Async path covered automatically: AsyncConnectionPool.release()
delegates to the sync pool's release via _to_thread.

Margaret Hamilton review pass surfaced two findings, both addressed:
* Silent rollback failure: added a WARNING log via logging.getLogger
  ("informix_db.pool") so evictions are debuggable. First logger in
  the project.
* Async cancellation race: the fix doesn't introduce the
  asyncio.wait_for race (Critical #2, deferred to Phase 27), but it
  adds a code path that can trigger it. Documented loudly in
  pool.release() docstring, aio.py module docstring, and USAGE.md
  async section. Recommendation: use read_timeout on the connection
  instead of asyncio.wait_for until Phase 27 lands.

Two new regression tests in tests/test_pool.py:
* test_uncommitted_writes_invisible_to_next_acquirer (the bug)
* test_committed_writes_survive_pool_checkout (no over-correction)

Verified the regression test catches the bug: stashed the fix, ran
the test - it fails with "B sees 1 rows - leaked across pool
checkout boundary" - confirming it tests the real failure mode.
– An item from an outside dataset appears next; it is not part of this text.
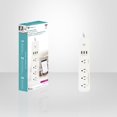 thumbnail image 2 of Xtricity - 4-Outlet 3-USB Port 4.8A Wi-Fi Smart Power Bar, White, 2 of 3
Total tests: 72 unit + 226 integration + 28 benchmark = 326.

Deferred to Phase 27 per Hamilton audit:
* Critical #2 (concurrency / per-connection wire lock)
* High #3 (async cancellation routes to broken=True)
* High #4 (bare except in _raise_sq_err drain)
* High #5 (no cursor finalizers - server-side resource leaks)
---
 CHANGELOG.md            |  48 ++++++++++++++
 docs/USAGE.md           |  16 +++++
 pyproject.toml          |   2 +-
 src/informix_db/aio.py  |  19 ++++++
 src/informix_db/pool.py |  62 +++++++++++++++++-
 tests/test_pool.py      | 141 ++++++++++++++++++++++++++++++++++++++++
 uv.lock                 |   2 +-
 7 files changed, 287 insertions(+), 3 deletions(-)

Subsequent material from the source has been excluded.